## ENTRIES PROVIDED
###
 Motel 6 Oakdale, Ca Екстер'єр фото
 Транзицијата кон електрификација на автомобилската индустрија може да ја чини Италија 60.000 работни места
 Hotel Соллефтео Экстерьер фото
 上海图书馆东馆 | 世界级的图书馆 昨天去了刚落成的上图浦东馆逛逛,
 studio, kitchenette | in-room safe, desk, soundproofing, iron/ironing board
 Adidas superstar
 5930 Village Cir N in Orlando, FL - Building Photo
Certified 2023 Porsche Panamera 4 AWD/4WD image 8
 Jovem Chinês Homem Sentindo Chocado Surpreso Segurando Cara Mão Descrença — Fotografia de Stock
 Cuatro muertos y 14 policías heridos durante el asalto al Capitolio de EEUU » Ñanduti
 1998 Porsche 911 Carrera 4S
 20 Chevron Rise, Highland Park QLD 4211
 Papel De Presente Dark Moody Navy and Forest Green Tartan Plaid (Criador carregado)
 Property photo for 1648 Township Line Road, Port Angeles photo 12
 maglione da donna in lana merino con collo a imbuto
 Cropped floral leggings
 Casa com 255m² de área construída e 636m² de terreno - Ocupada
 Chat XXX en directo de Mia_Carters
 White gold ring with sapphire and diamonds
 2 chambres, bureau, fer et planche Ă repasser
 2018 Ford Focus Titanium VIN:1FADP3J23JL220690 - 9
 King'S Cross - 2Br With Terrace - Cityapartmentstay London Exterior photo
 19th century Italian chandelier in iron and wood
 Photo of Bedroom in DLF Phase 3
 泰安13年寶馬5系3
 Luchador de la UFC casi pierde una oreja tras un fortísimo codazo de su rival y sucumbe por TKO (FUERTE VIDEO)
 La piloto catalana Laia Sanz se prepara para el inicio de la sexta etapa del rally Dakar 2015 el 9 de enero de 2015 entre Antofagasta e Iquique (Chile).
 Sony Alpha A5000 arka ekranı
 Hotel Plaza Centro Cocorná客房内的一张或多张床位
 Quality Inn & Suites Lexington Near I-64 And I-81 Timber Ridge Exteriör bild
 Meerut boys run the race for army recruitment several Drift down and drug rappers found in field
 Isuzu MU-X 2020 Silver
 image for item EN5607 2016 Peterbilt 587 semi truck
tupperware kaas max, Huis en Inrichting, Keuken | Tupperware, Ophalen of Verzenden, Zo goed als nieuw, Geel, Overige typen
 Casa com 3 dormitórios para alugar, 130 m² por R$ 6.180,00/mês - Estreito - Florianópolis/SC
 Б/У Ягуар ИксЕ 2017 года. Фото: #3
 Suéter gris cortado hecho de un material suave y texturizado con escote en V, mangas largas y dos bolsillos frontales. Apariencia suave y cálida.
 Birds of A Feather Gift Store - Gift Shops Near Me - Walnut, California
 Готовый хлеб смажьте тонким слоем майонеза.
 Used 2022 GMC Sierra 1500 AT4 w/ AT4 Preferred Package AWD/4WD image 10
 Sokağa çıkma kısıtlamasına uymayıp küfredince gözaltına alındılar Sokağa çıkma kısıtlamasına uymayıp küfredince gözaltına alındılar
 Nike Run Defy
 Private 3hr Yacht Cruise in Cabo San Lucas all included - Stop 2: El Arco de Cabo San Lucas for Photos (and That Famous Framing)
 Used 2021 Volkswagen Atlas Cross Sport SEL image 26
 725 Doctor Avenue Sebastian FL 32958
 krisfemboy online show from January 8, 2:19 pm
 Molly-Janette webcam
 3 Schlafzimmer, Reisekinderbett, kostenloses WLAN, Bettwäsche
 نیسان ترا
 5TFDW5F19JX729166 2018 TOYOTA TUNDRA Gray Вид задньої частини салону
###
## ACTIVITY
Each line of the material should be echoed exactly.

## ANSWER BOX
 Motel 6 Oakdale, Ca Екстер'єр фото
 Транзицијата кон електрификација на автомобилската индустрија може да ја чини Италија 60.000 работни места
 Hotel Соллефтео Экстерьер фото
 上海图书馆东馆 | 世界级的图书馆 昨天去了刚落成的上图浦东馆逛逛,
 studio, kitchenette | in-room safe, desk, soundproofing, iron/ironing board
 Adidas superstar
 5930 Village Cir N in Orlando, FL - Building Photo
Certified 2023 Porsche Panamera 4 AWD/4WD image 8
 Jovem Chinês Homem Sentindo Chocado Surpreso Segurando Cara Mão Descrença — Fotografia de Stock
 Cuatro muertos y 14 policías heridos durante el asalto al Capitolio de EEUU » Ñanduti
 1998 Porsche 911 Carrera 4S
 20 Chevron Rise, Highland Park QLD 4211
 Papel De Presente Dark Moody Navy and Forest Green Tartan Plaid (Criador carregado)
 Property photo for 1648 Township Line Road, Port Angeles photo 12
 maglione da donna in lana merino con collo a imbuto
 Cropped floral leggings
 Casa com 255m² de área construída e 636m² de terreno - Ocupada
 Chat XXX en directo de Mia_Carters
 White gold ring with sapphire and diamonds
 2 chambres, bureau, fer et planche Ă repasser
 2018 Ford Focus Titanium VIN:1FADP3J23JL220690 - 9
 King'S Cross - 2Br With Terrace - Cityapartmentstay London Exterior photo
 19th century Italian chandelier in iron and wood
 Photo of Bedroom in DLF Phase 3
 泰安13年寶馬5系3
 Luchador de la UFC casi pierde una oreja tras un fortísimo codazo de su rival y sucumbe por TKO (FUERTE VIDEO)
 La piloto catalana Laia Sanz se prepara para el inicio de la sexta etapa del rally Dakar 2015 el 9 de enero de 2015 entre Antofagasta e Iquique (Chile).
 Sony Alpha A5000 arka ekranı
 Hotel Plaza Centro Cocorná客房内的一张或多张床位
 Quality Inn & Suites Lexington Near I-64 And I-81 Timber Ridge Exteriör bild
 Meerut boys run the race for army recruitment several Drift down and drug rappers found in field
 Isuzu MU-X 2020 Silver
 image for item EN5607 2016 Peterbilt 587 semi truck
tupperware kaas max, Huis en Inrichting, Keuken | Tupperware, Ophalen of Verzenden, Zo goed als nieuw, Geel, Overige typen
 Casa com 3 dormitórios para alugar, 130 m² por R$ 6.180,00/mês - Estreito - Florianópolis/SC
 Б/У Ягуар ИксЕ 2017 года. Фото: #3
 Suéter gris cortado hecho de un material suave y texturizado con escote en V, mangas largas y dos bolsillos frontales. Apariencia suave y cálida.
 Birds of A Feather Gift Store - Gift Shops Near Me - Walnut, California
 Готовый хлеб смажьте тонким слоем майонеза.
 Used 2022 GMC Sierra 1500 AT4 w/ AT4 Preferred Package AWD/4WD image 10
 Sokağa çıkma kısıtlamasına uymayıp küfredince gözaltına alındılar Sokağa çıkma kısıtlamasına uymayıp küfredince gözaltına alındılar
 Nike Run Defy
 Private 3hr Yacht Cruise in Cabo San Lucas all included - Stop 2: El Arco de Cabo San Lucas for Photos (and That Famous Framing)
 Used 2021 Volkswagen Atlas Cross Sport SEL image 26
 725 Doctor Avenue Sebastian FL 32958
 krisfemboy online show from January 8, 2:19 pm
 Molly-Janette webcam
 3 Schlafzimmer, Reisekinderbett, kostenloses WLAN, Bettwäsche
 نیسان ترا
 5TFDW5F19JX729166 2018 TOYOTA TUNDRA Gray Вид задньої частини салону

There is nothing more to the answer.